Zhuo Fan başını okşadı, “Shuang’er, bunca zamandan sonra hiç değişmemişsin. Sana Tianyu’nun savaşında halkı kurtarmak için elimden gelen her şeyi yapacağıma ve seni hayal kırıklığına uğratmayacağıma söz verdim. Ama seni de kaybetme düşüncesine dayanamıyorum. Zaten Yuyu’yu kaybettim ve…”
Shuang’er elini başından çekti ve yanağını ona yasladı, “Bunu senin için yapmak istedim, büyük kardeş Zhuo. Kardeş Yuyu’nun da aynı sebeplerden dolayı bunu yaptığını biliyorum.”
Yıldız ışığının daha hızlı küçüldüğünü fark etti ve onu bırakmak için geri çekildi.
Zhuo Fan onun yanından geçti. Aceleci işaretler oluşturdu, onu kurtarmak için aklına gelen tüm yöntemleri denedi ama hiçbir şey işe yaramadı.
Shuang’er’in artık hiçliğe doğru kaybolmaya mahkum bir iz olduğunu biliyordu. Bu onların son buluşmasıydı. Ancak, olasılıklar imkansız olduğunda veya aleyhine olduğunda bile pes edecek biri değildi. ve yine de, derinlerde, onu bir daha asla göremeyeceğini biliyordu…
Zhuo Fan yıldızlı yoldan geçerken Shuang’er tekrar konuştu, “Seni buraya kadar götürebilirim. Dünyaya, bu güzel yere iyi bak…”
Zhuo Fan’ın yüreği sarsıldı.
Eğer kendine karşı dürüst olsaydı, Shunag’er bunu Egemen Yun’un istekleri doğrultusunda insanları kurtarmak için kalbinin iyiliğinden yapmamıştı. Çoğunlukla onun içindi. Ona dünyayı görmesinde yardımcı olan oydu, insanları değil.

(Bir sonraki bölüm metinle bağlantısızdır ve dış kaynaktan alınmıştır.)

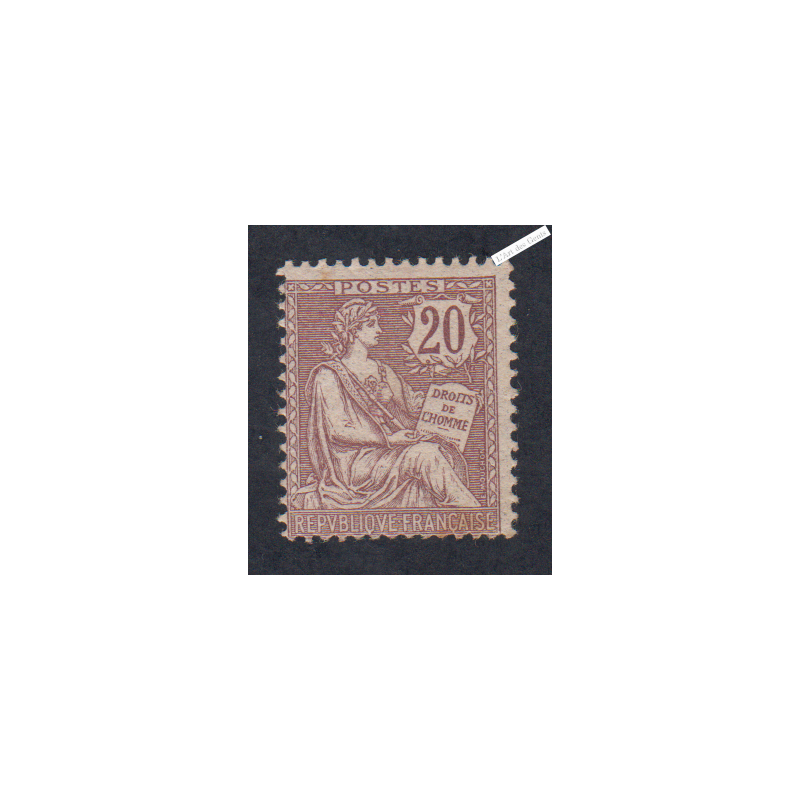 Timbre - n°126 - Mouchon retouché - 1902 - Neuf*  Signé - cote 105 Euros lartdesgents.fr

(Kendini benim için feda etti…)
“Shuang’er!”
Zhuo Fan bağırdı ama arkasındaki ışığın kara deniz tarafından yutulduğunu, ezici bir karanlığın içinde kaldığını gördü.
Arkasında, yaklaşan deniz onun kutsal figürünü yavaş yavaş kemiriyordu, ama o masum ve sevgi dolu gülümsemesini ondan alamıyordu.
“Büyük bir kalbim olduğunu, sadece dünyanın güvenliğini önemsediğimi düşünüyordum ve Ata Yun’un misyonunu önemsediğim ana kadar da aynı şeyi düşünüyordum. Ancak şimdi bencil olduğumu fark ediyorum. Kalbim tek bir kişiden fazlasını taşıyamaz ve her zaman taşıyamaz oldu.”
Shuang’er, Zhuo Fan’ın gidişini izlerken soldu, “Rahibe Chuchu haklıydı. Hepimiz güçsüzüz, dünyayı göremiyoruz. Kalplerimiz ve bakışlarımız tek bir adam tarafından çalındı. Elveda, büyük kardeş Zhuo…”
vuuuş~
Kutsal ışık patladı ve çok yükseklerde, mistik ve görkemli prizmatik bir ışık yükseldi, yıldız yolu, yakında uçurum tarafından yutulacaktı.